Information supplied =
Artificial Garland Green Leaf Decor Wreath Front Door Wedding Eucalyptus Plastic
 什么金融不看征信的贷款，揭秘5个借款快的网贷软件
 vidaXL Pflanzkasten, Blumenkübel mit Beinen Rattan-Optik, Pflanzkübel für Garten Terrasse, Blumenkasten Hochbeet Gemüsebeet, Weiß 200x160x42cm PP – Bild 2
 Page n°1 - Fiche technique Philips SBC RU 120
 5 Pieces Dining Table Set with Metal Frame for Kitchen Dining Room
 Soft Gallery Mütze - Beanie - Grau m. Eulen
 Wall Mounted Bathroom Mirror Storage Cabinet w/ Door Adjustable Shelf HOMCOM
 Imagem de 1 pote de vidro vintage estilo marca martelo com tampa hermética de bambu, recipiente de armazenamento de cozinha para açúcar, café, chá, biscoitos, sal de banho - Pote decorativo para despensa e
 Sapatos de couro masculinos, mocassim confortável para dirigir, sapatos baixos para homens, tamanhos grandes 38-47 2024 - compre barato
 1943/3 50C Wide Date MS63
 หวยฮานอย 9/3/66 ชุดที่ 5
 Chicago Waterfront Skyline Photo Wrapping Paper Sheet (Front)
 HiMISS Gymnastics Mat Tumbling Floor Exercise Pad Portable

Exercise description = With the line containing "Sapatos de couro" as the first and the last line of the data as the final one, copy every line between them exactly, those two included.

Solution to this task =
 Sapatos de couro masculinos, mocassim confortável para dirigir, sapatos baixos para homens, tamanhos grandes 38-47 2024 - compre barato
 1943/3 50C Wide Date MS63
 หวยฮานอย 9/3/66 ชุดที่ 5
 Chicago Waterfront Skyline Photo Wrapping Paper Sheet (Front)
 HiMISS Gymnastics Mat Tumbling Floor Exercise Pad Portable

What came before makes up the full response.